Problem description
Copy out every record below, word for word.

(Records from a data source)
::::

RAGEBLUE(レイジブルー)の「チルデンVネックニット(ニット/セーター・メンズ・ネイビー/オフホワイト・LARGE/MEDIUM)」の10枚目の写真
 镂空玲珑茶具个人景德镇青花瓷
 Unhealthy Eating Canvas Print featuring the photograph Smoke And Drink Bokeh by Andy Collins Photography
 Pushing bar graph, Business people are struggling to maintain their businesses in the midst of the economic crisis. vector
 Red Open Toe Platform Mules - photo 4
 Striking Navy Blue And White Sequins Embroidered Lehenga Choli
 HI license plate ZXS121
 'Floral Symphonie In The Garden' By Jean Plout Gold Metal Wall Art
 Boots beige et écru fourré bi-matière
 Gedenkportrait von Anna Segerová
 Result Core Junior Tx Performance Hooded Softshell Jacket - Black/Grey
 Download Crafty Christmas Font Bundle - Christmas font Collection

::::

Exercise solution
RAGEBLUE(レイジブルー)の「チルデンVネックニット(ニット/セーター・メンズ・ネイビー/オフホワイト・LARGE/MEDIUM)」の10枚目の写真
 镂空玲珑茶具个人景德镇青花瓷
 Unhealthy Eating Canvas Print featuring the photograph Smoke And Drink Bokeh by Andy Collins Photography
 Pushing bar graph, Business people are struggling to maintain their businesses in the midst of the economic crisis. vector
 Red Open Toe Platform Mules - photo 4
 Striking Navy Blue And White Sequins Embroidered Lehenga Choli
 HI license plate ZXS121
 'Floral Symphonie In The Garden' By Jean Plout Gold Metal Wall Art
 Boots beige et écru fourré bi-matière
 Gedenkportrait von Anna Segerová
 Result Core Junior Tx Performance Hooded Softshell Jacket - Black/Grey
 Download Crafty Christmas Font Bundle - Christmas font Collection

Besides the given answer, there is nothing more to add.